By Dr George Jacob.
Kochi: Times were peaceful back then. Men went about living their lives minding their own business, and cows theirs. People consumed beef, with nobody questioning them. Nobody lynched a fellow citizen on account of consuming beef. People consumed whatever they wished to, without other more ‘nationalistic’ ones breathing down their necks, or peeping into the kitchen where food was being prepared, or the plate on which it was eaten. There was no need for a cow ‘vigilante’. Yet, the animal was tended to much more than a fellow human anyway.
It was about 26 years ago, after my marriage that I got to witness a rather fruitful symbiosis between an elderly lady and the cow. The lady in question was my wife’s maternal grandmother, who was nicknamed ‘white Ammachy’(Malayalam for mother) by her first great grandson, in reference to her silvery white hair. The cow was her raison d’être. The cow reciprocated by providing milk, the excess of which, after use at home used to be curdled. Milk was her favorite food along with plantains. Life of the wife of a minister in the erstwhile Achutha Menon ministry in Kerala was simple, unlike modern versions!
Her favorite animal used to be purchased from familiar neighboring families instead of from the animal market. Once the animal aged and was ready to be ‘disposed off’, it would be sold to a person or family, usually a neighboring one, known to her. Despite the age she took the animals to graze and bathe them herself, much against the family’s persistent disapproval, whose contention was that ‘she was too old to manage a cow’.
This was proved right when she broke her leg bone after tripping over the rope that secured the cow to a tree to graze. The family was aghast and in utter shock at the sight of her being carried into the house on a chair by caring neighbors.

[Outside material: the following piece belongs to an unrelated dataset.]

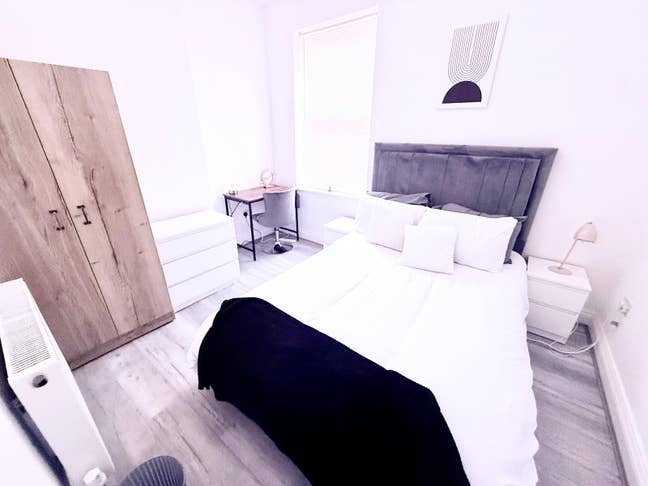 ✨Bright & Social Living in Didsbury✨ Main Photo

Undeterred, white Ammachy continued to insist that she had the ‘moo’ emanate from the manger in the backyard, which was music to her ears, much to the objection and protests from rest of the family, especially her grandson, whose responsibility it was to do the rescue act whenever his grandmother happened to be at the receiving end of anything in life, be it even the cow.
White Ammachy is no more.
The house and property was sold years later as the family moved to distant Cochin due to compulsions of employment, education and other inevitable changes in lifestyle of later generations, and all that such changes demanded. The manger is gone too, as are the cows, resultantly. Gone is the ‘fruitful symbiosis’ between the animal and man, as cow has now turned the reason for bloodletting, something which definitely would have hurt White Ammachy had she been alive today.
I wonder how the likes of her who represented a more peaceful society back then, in which cows were looked after well, and a mutually symbiotic relationship existed between man and the docile, yet benevolent animal would have reacted to today’s confusion over the cow. I’m sure she would have said, ‘my children, live, and let live’!